Reputation: 8538
I'm trying to make use of dask on a cluster and I'm interested in terminating all the workers as soon as all the jobs are done. I was trying to do that with the retire_workers method, but that doesn't seem to kill the workers. Here is an example.
import time
import os
from dask.distributed import Client
def long_func(x):
time.sleep(2)
return 1
if __name__ == '__main__':
C = Client(scheduler_file='sched.json')
res = []
for _ in range(10):
res.append(C.submit(long_func, _))
for r in res:
r.result()
workers = list(C.scheduler_info()['workers'])
# C.run(lambda: os._exit(0), workers=workers)
C.retire_workers(workers=workers, close_workers=True)

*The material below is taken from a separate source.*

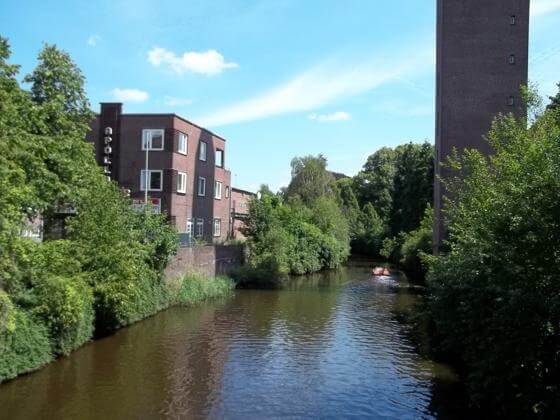 Auf der Gracht entlang des alten Emder Kinos Grachten Emden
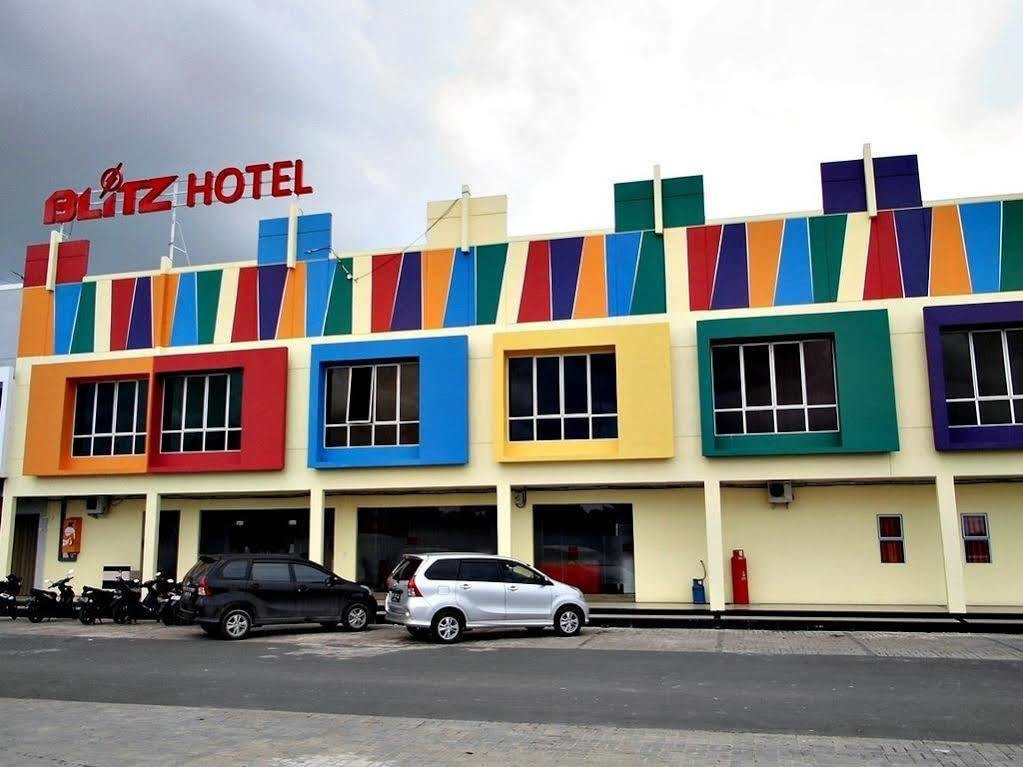 Blitz Hotel Batam Ngoại thất bức ảnh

The scheduler and a worker were started with these commands:
dask-scheduler --scheduler-file sched.json
dask-worker --scheduler-file sched.json --nthreads=1 --lifetime='5minutes'
The hope was that after executing the python code above, the worker would terminate (after 20 seconds), but it does not, staying for the whole 5 minutes. Any advice how to fix that ?
Upvotes: 1
Views: 1603
Reputation: 372
I'd recommend using a context manager to manage the cluster - its nice and clean. I've had issues when it comes to RAM memory getting maxed out and stalling my computer when working locally, but here is an example of what I frequently use:
# start our Dask cluster
from dask.distributed import Client,LocalCluster
if __name__ == '__main__':
cluster = LocalCluster()
with Client(cluster) as client:
print("scheduler host: ", client.scheduler.address)
# do some stuff
Upvotes: 2
Reputation: 16551
This will shutdown the connected scheduler and retire the workers:
C.shutdown()
Upvotes: 2